For The Hill on 1/27/11
Since New Hampshire state rep Dan Itse brought his challenge to Obamacare citing Thomas Jefferson’s Kentucky Resolutions in February 2009, we have been seeing a new age of Jefferson. Judge Andrew Napolitano now plays prime time “fighting for freedom” five nights a week; Virginia Delegate Jim LeMunyon proposes a Repeal Amendment; a 26-state challenge to the federal government moves to the Supreme Court and best practices conferences for governors today feature Thomas Woods’, “Nullification.” But the turning ahead may best belong to Andrew Jackson. It was the rustic warrior from Tennessee who first fired up the common folk west of the New River and laid their claim to governance. He is much misunderstood and occasionally maligned, but Jackson might well be considered the spirit father of the current red state uprising.
The Idaho Reporter reports that Republicans intend to introduce a plan to “use an obscure 18th century doctrine” to nullify the federal (Obamacare) law in a House committee and are working to gain the blessing of Gov. Butch Otter. They might pick up a copy of H.W. Brands’ “Andrew Jackson: His Life and times” for background. Because what is at the core is dominance: The world naturally divides by temperament, head and heart, city and country, in a binary way. The heart today is red (Sarah Palin), the head is blue (Barack Obama). Jackson opposed nullification and championed a free republic that might be considered a model for red state interests more pragmatic than Jefferson’s. But it was Jackson who put the fire in the belly of the heartland; a fire felt in the red states today and a fire that potentially will never go out.
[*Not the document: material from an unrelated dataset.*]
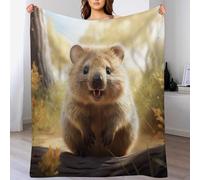PAZZK Quokka Blanket, 3D Printed Flannel Throw Blanket,Super Soft Cozy Fuzzy Warm Throws,for Nap Blanket, Couch And House Decor Gift Idea（150×200cm）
Jackson might be considered the founding father of the Southern and western temperament, which have morphed to the red states today. I’ve been writing about state sovereignty up here for five years and was among the first to propose the Kentucky Resolutions in New Hampshire and Vermont to oppose George W. Bush projects, especially the war on Iraq. Cited Jefferson, but inspired by Jackson.
As Russell McClintock writes today in the New York Times’ excellent series on the Civil War (“Old Hickory’s Ghost”): “Americans have always obsessed over their nation’s history, even when there wasn’t much to obsess over. The founding generation had barely passed on before politicians began scrambling to claim their legacy – and at no time was that more true than during the Secession Crisis. Secessionists claimed to be emulating the revolutionaries’ struggle for liberty against a tyrannical central government, while Northerners were determined not to let disloyal rebels tear down the noble republic the founders had created.”
North and South were at one another’s throat from the beginning. Jefferson expected invasion as early as 1797. The conflict was, as historian Frank Owsley wrote in a classic essay, “irrepressible.” Owsley presented it as a conflict between an imperial vision of New Yorker Alexander Hamilton and an agrarian one of Virginian Thomas Jefferson. But Jackson played a role as well, because the country people began to feel their oats with Jackson and after the Alamo and the Mexican Wars the western rurals began to express themselves more clearly and pointedly.
War changes people; benign contempt changed to blood but it need not. History will follow its own contours forged by economy and generations. Time cannot be held back and its demands will be met. But there is no reason on earth to think that these change will come – and I believe they will in decades ahead – in anything but peaceful resolution.